Okay. I rewrote the code to pass the paths of the monitors as a dictionary whose keys are the "step".

AnnaKwa · 2020-03-25T21:11:35Z

workflows/one_step_jobs/zarr_stat.py

@@ -0,0 +1,30 @@
+import fsspec


Is this file supposed to stay in the final PR?

I guess we can remove it. I thought it was a helpful script though.

AnnaKwa

Thanks Noah, this PR is really useful. Minor comments/requests and one spot in one_step.py that is breaking on my end.

AnnaKwa · 2020-03-25T21:48:00Z

workflows/one_step_jobs/runfile.py

+
+
+def rename_sfc_dt_atmos(sfc: xr.Dataset) -> xr.Dataset:
+    DIMS = {"grid_xt": "x", "grid_yt": "y", "time": "forecast_time"}


Not really in the scope of this PR but a note for future PRs to the develop branch: need to make sure all references to the old set of variable names in downstream workflows are updated to work with this output.

Okay. maybe we could move this note to the PR to be created from the develop branch to master.

AnnaKwa · 2020-03-25T22:26:10Z

workflows/one_step_jobs/runfile.py

+import time
+
+# avoid out of memory errors
+# dask.config.set(scheduler='single-threaded')


Could you add some info to readme instructing people to use this if this is an issue?

added a section to the README

AnnaKwa · 2020-03-25T23:00:55Z

workflows/one_step_jobs/submit_jobs.py

@@ -1,89 +0,0 @@
-import logging


With the deletion of this file, is the intention for all one step jobs to use orchestrate_submit_jobs.py?
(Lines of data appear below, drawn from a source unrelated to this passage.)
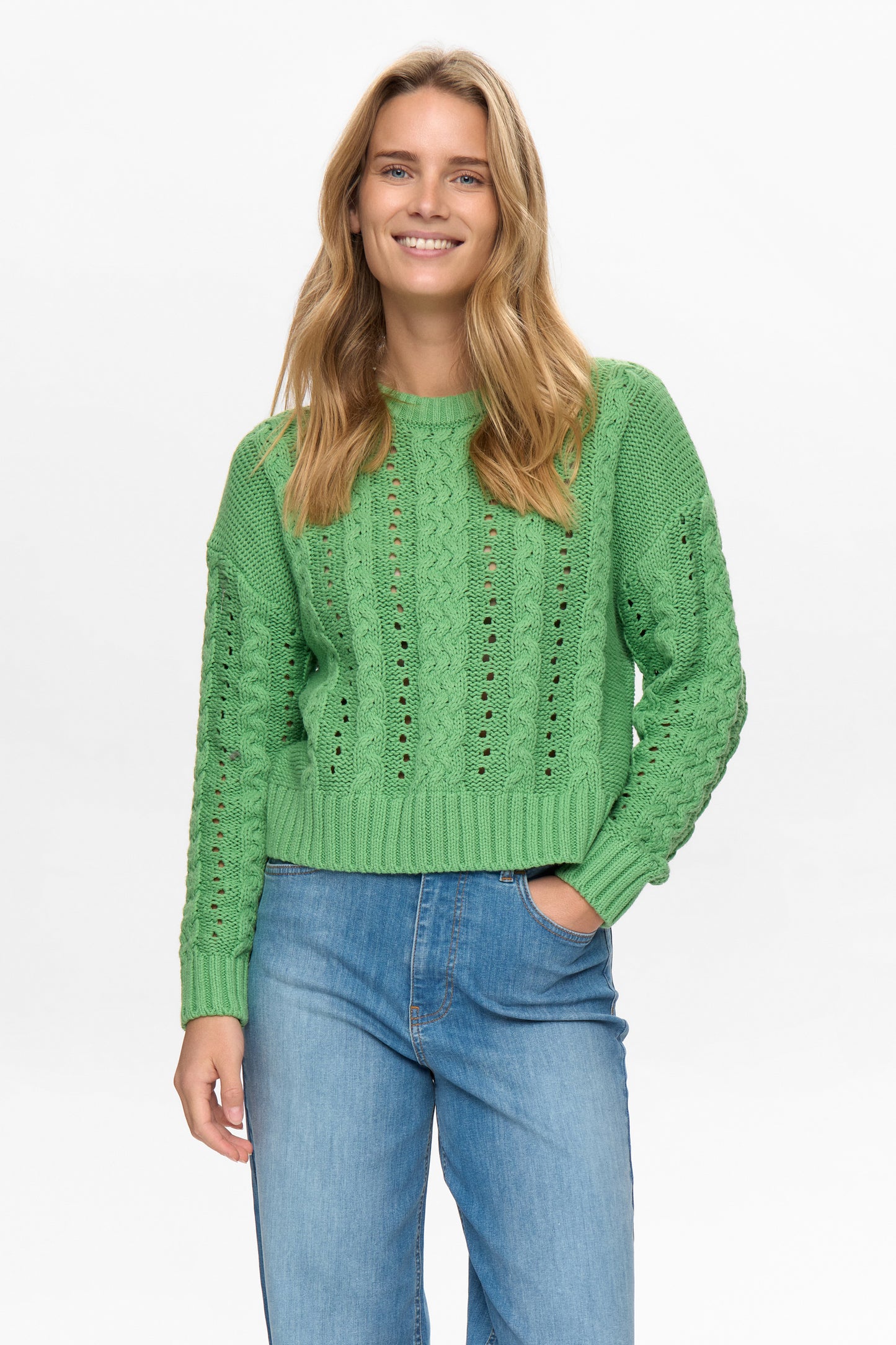 NUMPH "NURemi Pullover" (Vibrant Green/Pristine)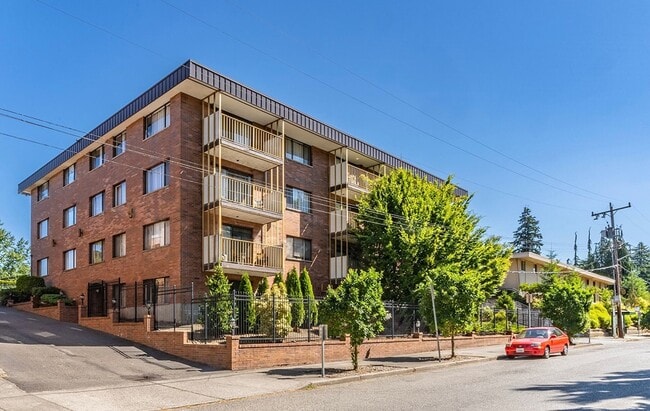 Photo - Jackson Manor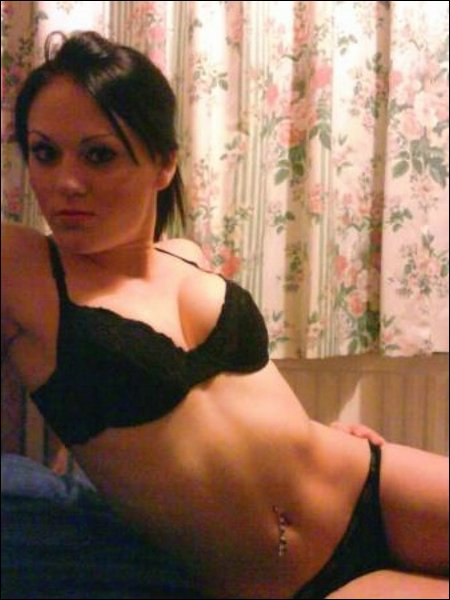 Vecinilla amateur cachonda entre sus juguetes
Could you update the README for this change?

Indeed. It doesn't seem like the original script was used by anything.

@frodre let me know if I should add it back.

I updated the README, where I deleted the help string, since that is bound to get out of date.

Thanks for updating the README. If the entry point is the orchestrator can you update the one_step config section in the workflows/end_to_end/full_workflow_config.yaml with a set if working parameters? FYI I was able to run this using _run_steps.sh, but when I tried to use the orchestrator I was having some issues.

AnnaKwa · 2020-03-25T23:09:00Z

fv3net/pipelines/kube_jobs/one_step.py

-            curr_output_url,
-            job_labels=job_labels,
-            **kube_config,
+            model_config_url, "/tmp/null", job_labels=labels, **kube_kwargs


Is /tmp/null supposed to be the output url in this line?

Yes. this job does not need to upload the run directory any longer since all the useful info is in the big zarr. Setting outdir=/tmp/null was the easiest way to do this.

I added a comment to make this clear.

When I run a test (writing to my own test dir), it complains that the output tmp/null needs to be a remote path, any idea I doing something wrong? Running the test script seems to work for others.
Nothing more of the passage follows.